TASK REQUIREMENTS:
In the entries below, find the line with "Anggota Polres Pesisir" and the line with "Boiron Camilia Homeopathic". Repeat exactly everything between them, those two lines included, but not the pictures.

### DATA UNDER STUDY

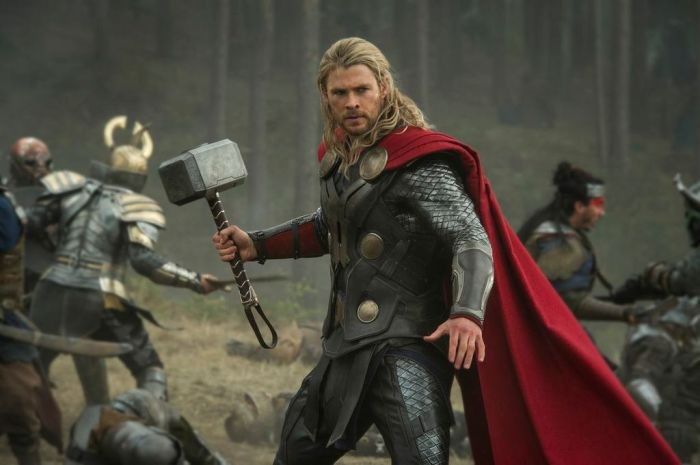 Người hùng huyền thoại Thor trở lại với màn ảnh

######
### DATA UNDER STUDY

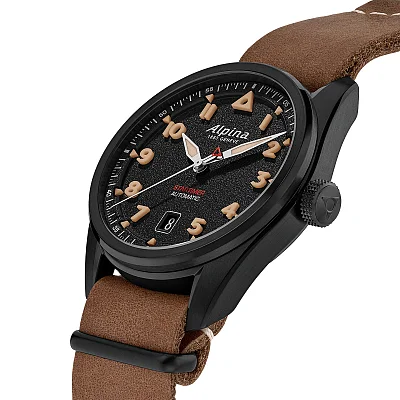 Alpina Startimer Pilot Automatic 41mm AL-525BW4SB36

######
### DATA UNDER STUDY

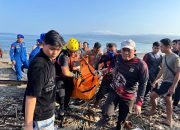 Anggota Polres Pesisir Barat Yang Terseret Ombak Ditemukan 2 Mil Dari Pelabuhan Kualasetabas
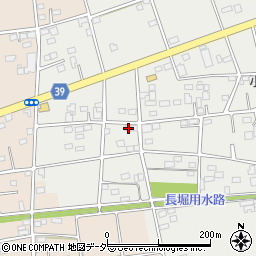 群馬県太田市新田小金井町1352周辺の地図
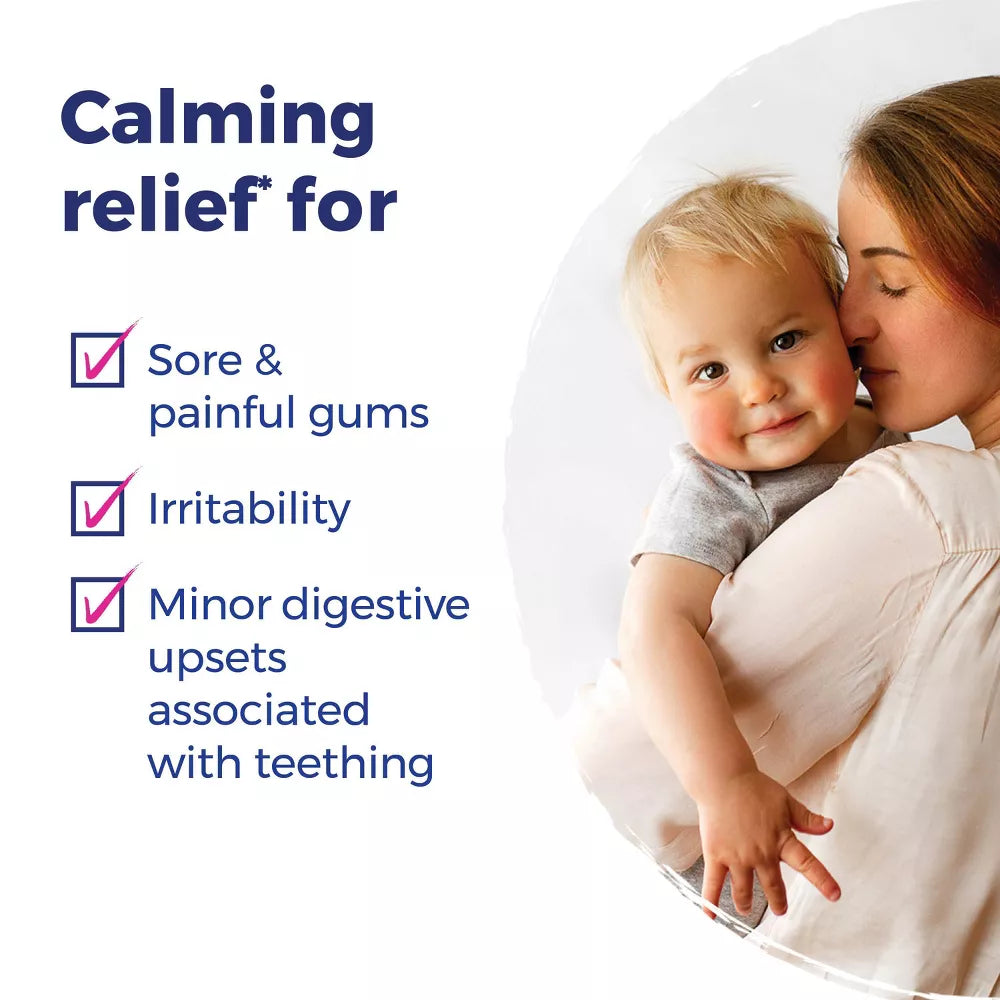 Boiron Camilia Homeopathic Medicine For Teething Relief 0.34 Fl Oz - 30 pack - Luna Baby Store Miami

######

FINISHED EXERCISE:
 Anggota Polres Pesisir Barat Yang Terseret Ombak Ditemukan 2 Mil Dari Pelabuhan Kualasetabas
 群馬県太田市新田小金井町1352周辺の地図
 Boiron Camilia Homeopathic Medicine For Teething Relief 0.34 Fl Oz - 30 pack - Luna Baby Store Miami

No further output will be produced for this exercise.